United Health Centers of San Joaquin Valley hit by Vice Society Ransomware

Ransomware gangs have begun targeting health-care organizations in their cyberattacks once more.

United Health Centers of San Joaquin Valley hit by Vice Society Ransomware
United Health Centers of San Joaquin Valley hit by Vice Society Ransomware | Image credits: Brightline Technologies

According to the Vice Society ransomware group's claims, the United Health Centers of San Joaquin Valley, a California healthcare facility, has been targeted by the gang's ransomware attacks. United Health Facilities operates approximately 20 community health facilities throughout the counties of Fresno, Kings, and Tulare, among other places.

Patients' names and birth dates, as well as insurance information, were discovered in some of the leaked files, according to Databreaches.net, who also discovered a folder containing patient files from 2012 that had fallen behind on their accounts and had been referred to debt collection agencies in one of the leaked files. Individuals' Social Security numbers and diagnosis information were among the personally identifiable health information (PHI) contained in such files, according to Hipaa Journal.

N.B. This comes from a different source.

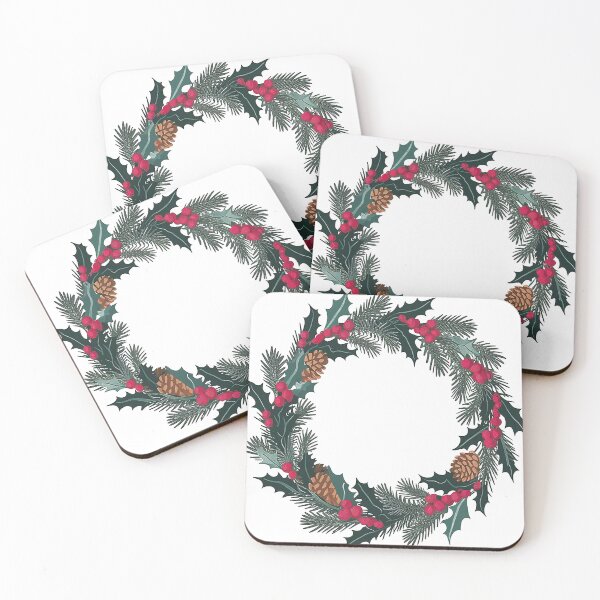 Item preview, Holiday Winter Wreath designed and sold by Verycutethings.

It has been alleged that the Vice Society gang has already released material that they claim to have obtained during the hack on their data leak website, including protected health information on patients and their medical records (PHI).

The Vice Society ransomware gang initially appeared in the middle of 2021, and it's believed to be an offshoot of the HelloKitty malware operation, according to security experts. The group has used a variety of methods to get access to their victims' networks, including exploiting PrintNightmare flaws and other vulnerabilities in software.

Prior to encrypting files with ransomware, the organization has been accused of stealing data from victims' computers through phishing attacks. In the following days, the information is made available on the data leak website, putting the burden of proof on the victims to make a payment. According to the evidence, this appears to be yet another of those attacks.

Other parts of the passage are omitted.